The framework does not supplant existing ethical guidelines in either librarianship or publishing. It makes direct reference to these established ethics, but asks library publishers to evaluate and ground those guidelines in their own clearly defined values. The space at the intersection of librarianship and publishing gives library publishers latitude to make choices that support activities that either of those disciplines might not undertake alone, suggesting and hopefully creating a future for library publishers where our ethical norms support the world we long to live in.

At the end of the framework the reader will find a visual representation and condensation of the framework, which the authors imagined as a useful visual prompt for library publishers who would like to remain in conversation with the ethical framework in their everyday work.

State of the Framework

From the start, the Ethical Framework was conceived as an iterative document: Version 1.0 anticipated this version, and the task force anticipates a future Version 3.0. This version benefits from critical feedback from members of the Library Publishing Coalition’s Diversity, Equity and Inclusion Committee and other community members at a call held in November 2022. It is a collaboratively developed document, equally the product of the care and thinking of the entire task force, and we stand behind the work we have done.
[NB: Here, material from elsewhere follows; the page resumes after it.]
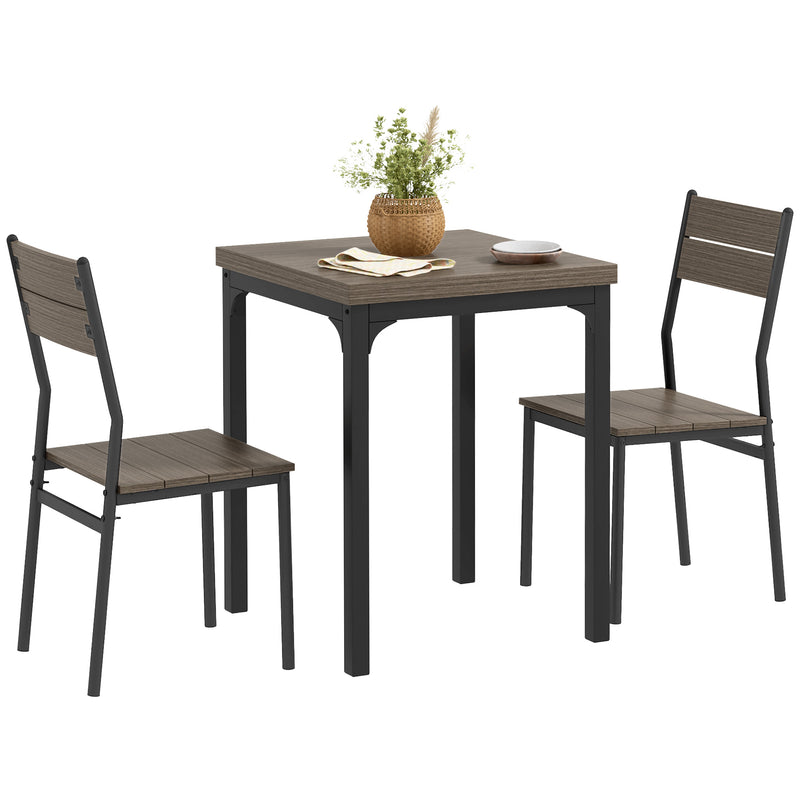 Three Piece Compact Dining Set with Grey Wood Grain Finish by HOMCOM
But we also embrace its fuzzy edges and contradictions; we see it as a work-in-progress, to be taken up in turn by future library publishers who themselves feel the need to advance the ethics of our discipline. In the best possible scenario, this document will prompt readers to make ethical considerations that eventually give rise to its replacement.

Until then: An Ethical Framework for Library Publishing, Version 2.0.
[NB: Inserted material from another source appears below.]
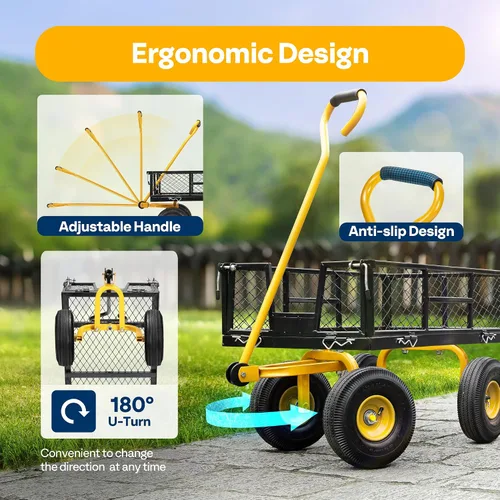 Vista 6 de VIVOHOME Carrito de jardín de acero de malla de alta resistencia de 880 libras de capacidad, vagón utilitario plegable con lados extraíbles y ruedas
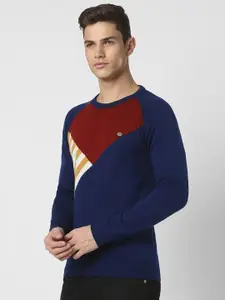 Peter England Casuals Colourblocked Pullover Acrylic Sweater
Frame 1: Library Publishing is VALUES-BASED

This is the fundamental frame upon which the other three frames rest. Until a library publisher defines their values, no basis exists for ethical decisions under the other frames. Values also drive aspirational progress and determine the extent to which we can truly advocate for a human-centered ethic of library publishing.

Statement 1.1

Library publishers act in accordance with their stated and implicit values. Library publisher values determine library publisher actions and ethics.

Guidance

  • A human-centered ethic that prefers persons’ well-being over systems, institutions, programs or other priorities, requires a carefully considered value system.
  • Be transparent: develop an explicit statement of values for your publishing program, and make them publicly available. Revisit this statement regularly and consider how it can and should evolve over time.
  • Use your values statement to prioritize projects, develop processes, and create a balance between material and ideal practices.
  • Analyze your existing practices to evaluate their relationship to your values and update practices as needed. Are you acting in ways that conflict with your stated values?

Statement 1.2

Library publishers’ values do not exist in a vacuum, but are informed by relationships to stakeholders and broader societal structures.

Guidance

  • Develop your understanding of systems of oppression (racism, colonialism, ableism, sexism, transphobia, homophobia) and use this understanding to evolve your value system. (It is understood that the struggle against oppression is ongoing. Do your best in our inherited hierarchical systems of oppression to enact this guidance).
  • Define your primary stakeholders, solicit and consider their feedback. Consider carefully how your values align with or diverge from your stakeholders values, and to what end.
  • Identify, state and pay attention to your current context. Do your values operate in your current context in ways that are newly harmful?

Statement 1.3

Library publishers’ values will determine whether they can advance equitable, diverse, and inclusive access to the production and use of knowledge.

Guidance

  • Identify and articulate the changes you want to see in the system of scholarly communications. Do those goals align with your values?
  • Make your end goals, relative to this Statement, explicit in your program’s mission statement or other public documentation.
  • Enact the guidance under Statement 1.1 above (“Library publishers act in accordance with their values”) in relation to this Statement.
  • Learn from and incorporate practice from other disciplines of liberation and resistance in advancing this goal.
  • Enact human-centered values by paying and treating workers well.

Statement 1.4

Library publishers inherit a specific set of declared values from their professional domains, librarianship and publishing.

Guidance

  • Consider carefully the values of both librarianship and publishing when developing an understanding of your own value profile.
  • Where the values of your professional domains and your own values align to the benefit of a human-centered ethic, adopt practices that affirm your professional domain’s guidance. (For instance, your concern for your communities and ALA’s advocacy for the Right to Privacy may together suggest that policies and practices that protect the identities and activities of your users are an ethical imperative. This guidance also commends established ethical guidance in publishing, such as the COPE guidelines, where those practices align with your own values.)
  • Pay special attention to the intersection of ethical practice in librarianship and publishing when developing your own policies and practices.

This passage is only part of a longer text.